New Frontiers in Sensor-Based Activity Recognition
A special issue of Sensors (ISSN 1424-8220). This special issue belongs to the section "Intelligent Sensors".
Deadline for manuscript submissions: closed (31 January 2021) | Viewed by 40058
Special Issue Editors
Interests: ambient intelligence; interpretation of sensor data; application of AI in healthcare; machine learning; decision support
Special Issues, Collections and Topics in MDPI journals
Interests: artificial intelligence; machine learning; wearable computing; intelligent systems; activity recognition; time series analysis
Special Issues, Collections and Topics in MDPI journals
Special Issue Information
Dear Colleagues,
As you are probably aware, sensor-based human activity recognition is a basic building block in numerous health-care applications and intelligent systems. In recent years, every smartphone performs activity recognition for its users, which is later used as a service to numerous third-party fitness and other applications. Moreover, there are many wearable devices whose goal is fitness tracking and activity recognition. The scientific field of activity recognition is also well established and has made significant progress in the last 20 years. There are numerous conferences and symposia in which one of the main topics is sensor-based activity recognition, as well as competitions that tackle exactly this problem, such as the Sussex-Huawei-Locomotion (SHL) challenge.

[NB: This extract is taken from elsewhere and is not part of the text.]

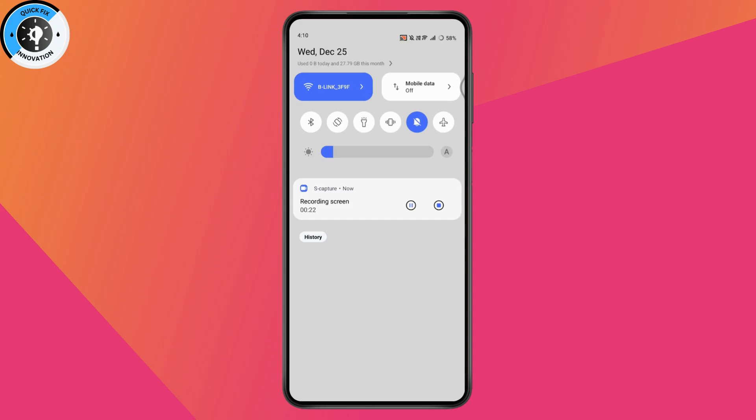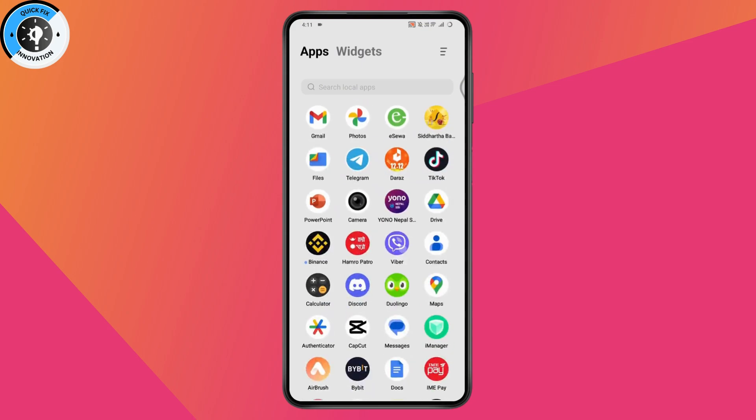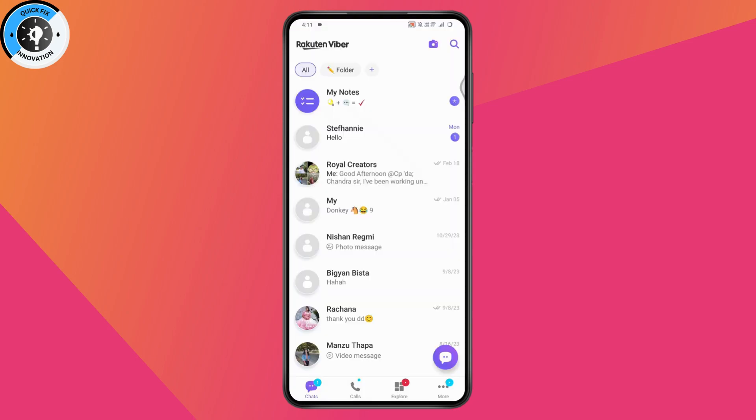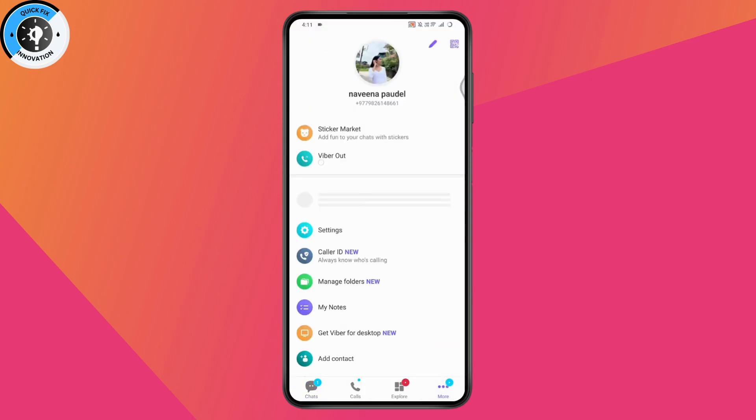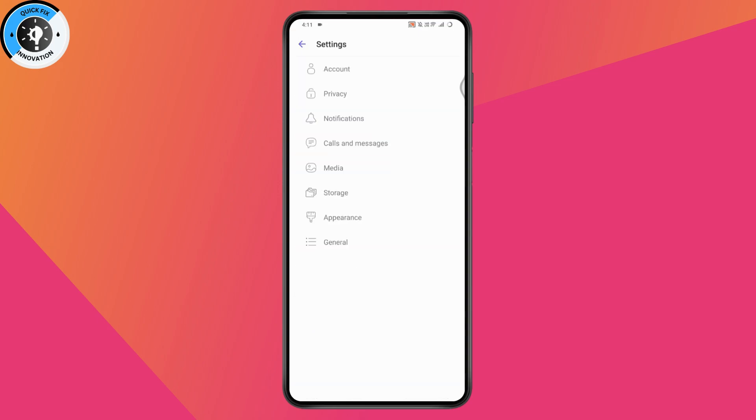Once you have internet connection, try to find the file and your problem might be fixed. If that doesn't work, open your Viber application and go to the more option on the bottom right. Tap on settings and under settings, you'll have an option for media.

The technological aspects of the scientific studies in this area follow the current trends in the machine learning and deep learning fields. At the beginning, most of the approaches were using classical machine learning, recognizing a limited set of activities which are contained in a single dataset. As the methods progressed and the computing power increased, the research started tackling an increased number of activities, including unknown activities, multiple datasets, transfer learning between datasets, etc. This shift has also allowed for the application of deep learning methods, especially CNNs and LSTMs.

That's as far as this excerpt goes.